# [SOLVED] Missing Update.inf FILE!!



## DevilJean (May 3, 2008)

I have a big problem! The Update.inf file is missing and I don't know what to do. I've done everything to restoring it but no good. If someone knows what to do please help! :sigh:


----------



## justpassingby (Mar 11, 2007)

*Re: Missing Update.inf FILE!!*

Hi DevilJean and welcome to TSF !

When do you get that issue ? What are you trying to do when you get that error message ?

What's the computer's brand and model or what are the complete system specs (see the link in my sig) ?
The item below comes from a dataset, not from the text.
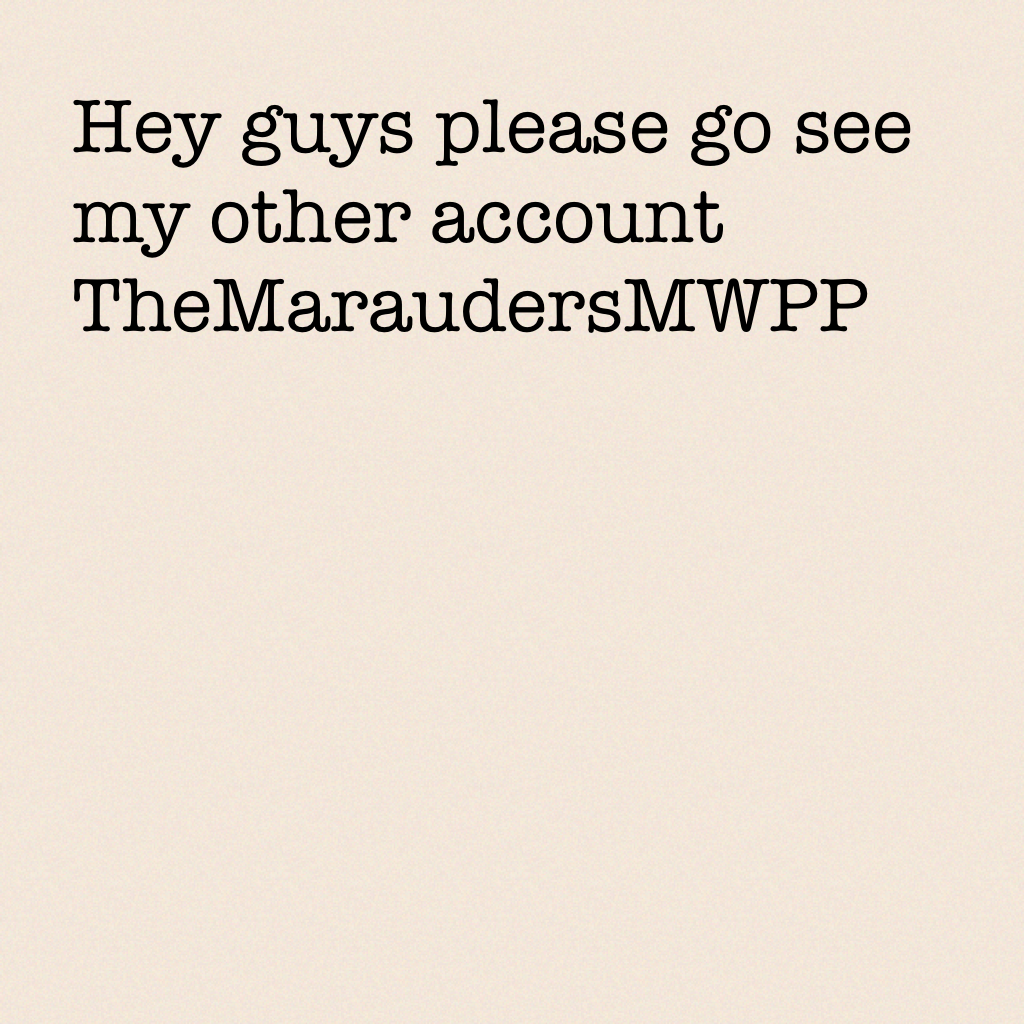 Hey guys please go see my other account TheMaraudersMWPP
If you get that error when you try to install SP2 then see if this helps :
http://www.annoyances.org/exec/forum/win2000/1064280626


----------



## DevilJean (May 3, 2008)

*Re: Missing Update.inf FILE!!*

I just recently bought some new parts for my computer, put them all in and after that I re-installed windows but when I try to install IExplorer 7, media player program and other windows updates it says "Setup could not verify the integrity of the file Update.inf. Make sure the Cryptographic service is running on this computer." Cryptographic service is running good but the Update.inf file is missing no mater how many times I search for it. I can't find it. Maybe It's been deleted somehow. :4-dontkno I don't know. :sad:


----------



## justpassingby (Mar 11, 2007)

*Re: Missing Update.inf FILE!!*

Follow these steps from Microsoft :

You cannot install some updates or programs


----------



## DevilJean (May 3, 2008)

*Re: Missing Update.inf FILE!!*

WOW IT WORKED!!! Thanks for the help man! You really help a lot. Everything now works perfect! Thanks again! If I find anymore problems I'll make sure to ask your help! See ya! :wave:


----------